[Crawled caption data]
Content starts

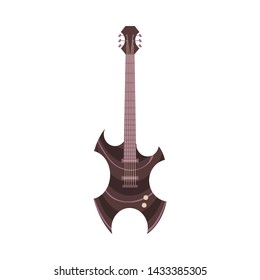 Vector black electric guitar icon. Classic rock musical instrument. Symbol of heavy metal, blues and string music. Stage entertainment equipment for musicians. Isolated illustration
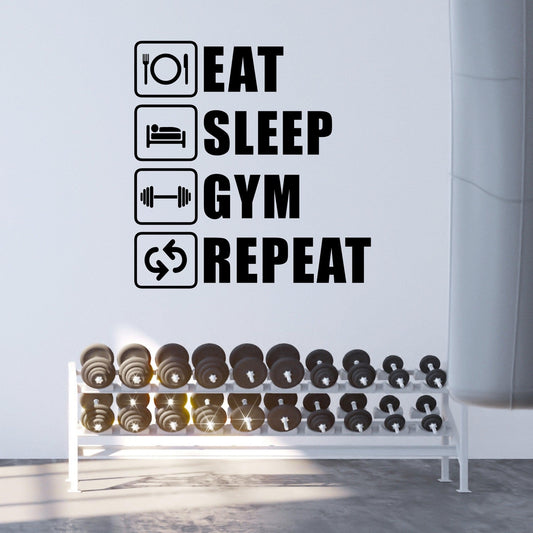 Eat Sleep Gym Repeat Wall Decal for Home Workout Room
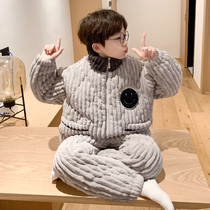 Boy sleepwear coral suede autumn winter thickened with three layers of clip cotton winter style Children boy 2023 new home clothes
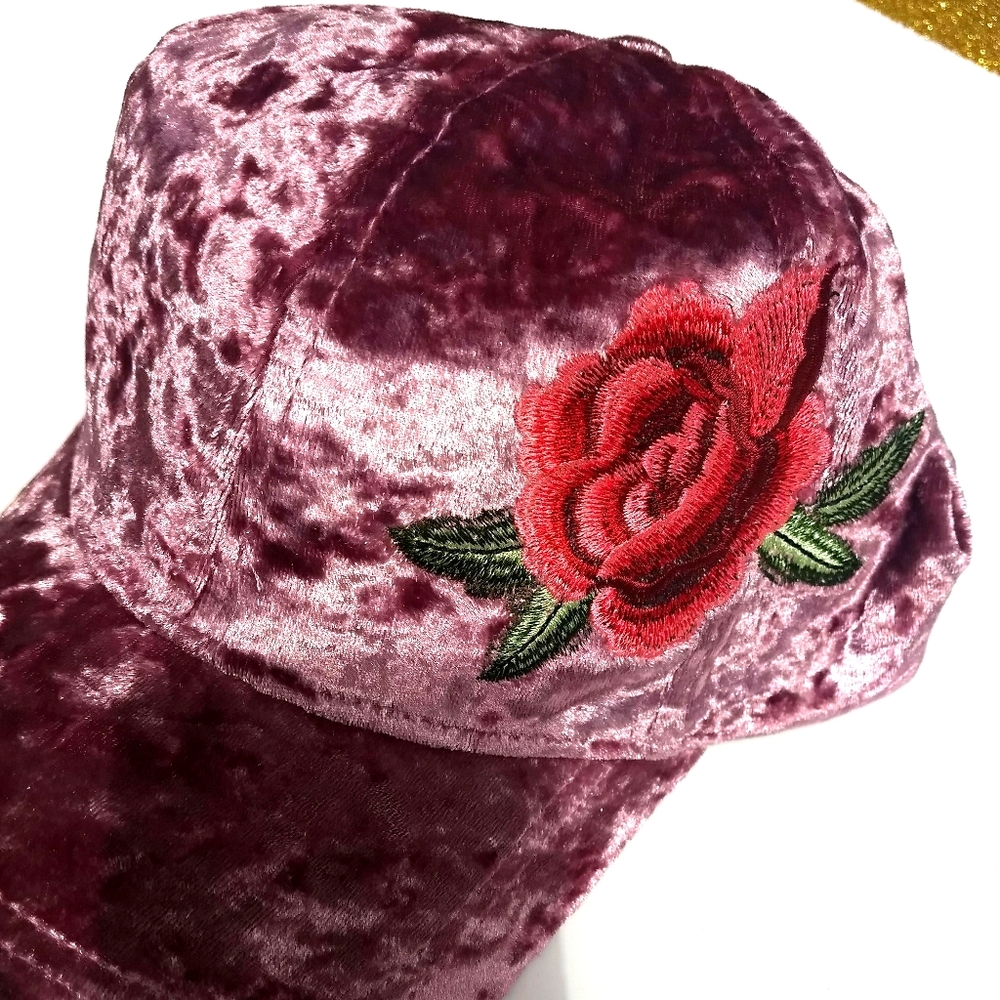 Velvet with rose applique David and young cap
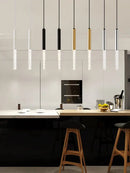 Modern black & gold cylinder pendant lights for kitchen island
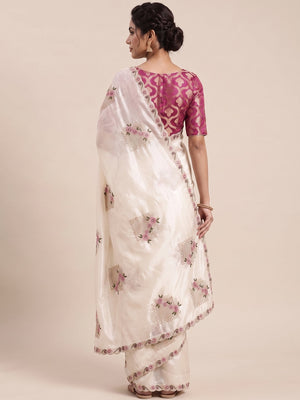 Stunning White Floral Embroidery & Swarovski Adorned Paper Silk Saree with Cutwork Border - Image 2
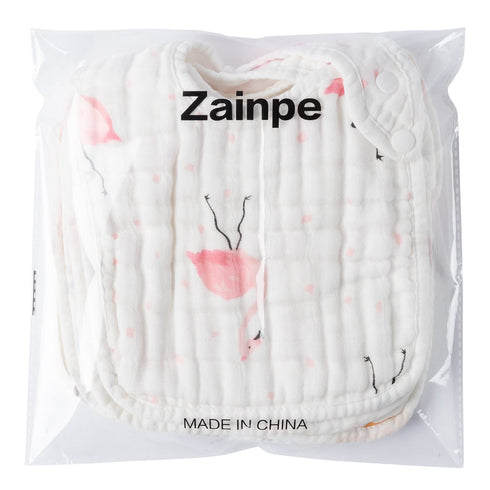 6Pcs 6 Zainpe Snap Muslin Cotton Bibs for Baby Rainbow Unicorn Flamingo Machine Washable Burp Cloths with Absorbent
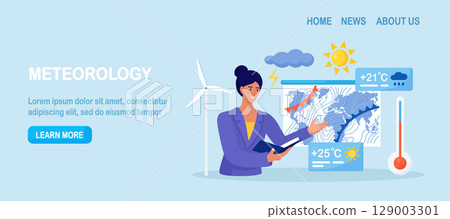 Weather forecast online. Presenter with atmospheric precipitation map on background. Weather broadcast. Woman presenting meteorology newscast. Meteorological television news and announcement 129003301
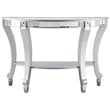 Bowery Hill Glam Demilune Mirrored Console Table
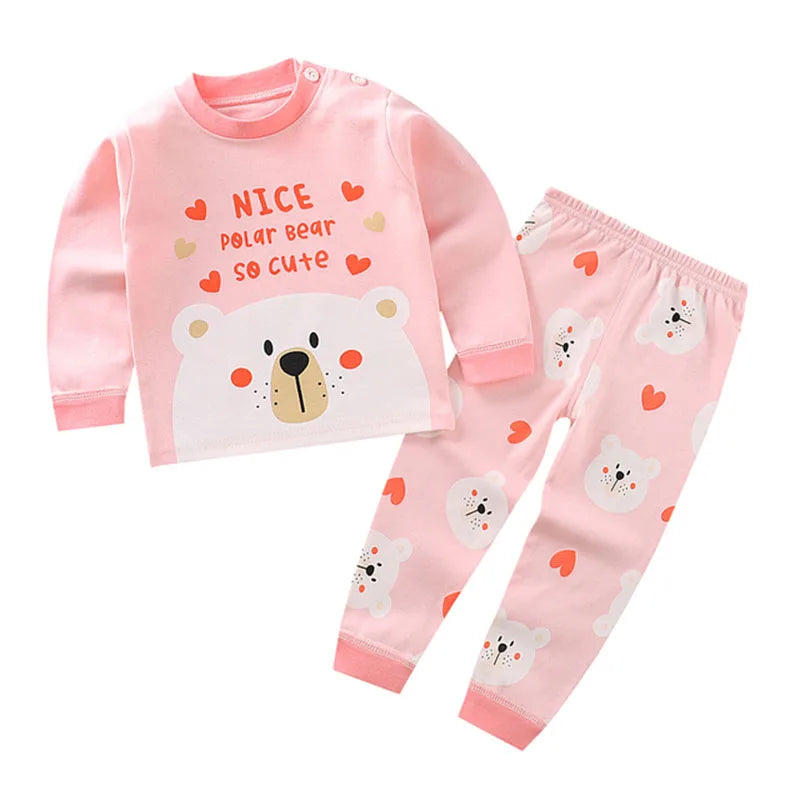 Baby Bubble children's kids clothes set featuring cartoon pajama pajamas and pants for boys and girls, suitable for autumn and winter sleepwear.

Content ends

> [What is required] Transcribe the records verbatim and omit the images.

> [Solution for this task]
 Vector black electric guitar icon. Classic rock musical instrument. Symbol of heavy metal, blues and string music. Stage entertainment equipment for musicians. Isolated illustration
 Eat Sleep Gym Repeat Wall Decal for Home Workout Room
 Boy sleepwear coral suede autumn winter thickened with three layers of clip cotton winter style Children boy 2023 new home clothes
 Velvet with rose applique David and young cap
 Modern black & gold cylinder pendant lights for kitchen island
 Stunning White Floral Embroidery & Swarovski Adorned Paper Silk Saree with Cutwork Border - Image 2
 6Pcs 6 Zainpe Snap Muslin Cotton Bibs for Baby Rainbow Unicorn Flamingo Machine Washable Burp Cloths with Absorbent
 Weather forecast online. Presenter with atmospheric precipitation map on background. Weather broadcast. Woman presenting meteorology newscast. Meteorological television news and announcement 129003301
 Bowery Hill Glam Demilune Mirrored Console Table
 Baby Bubble children's kids clothes set featuring cartoon pajama pajamas and pants for boys and girls, suitable for autumn and winter sleepwear.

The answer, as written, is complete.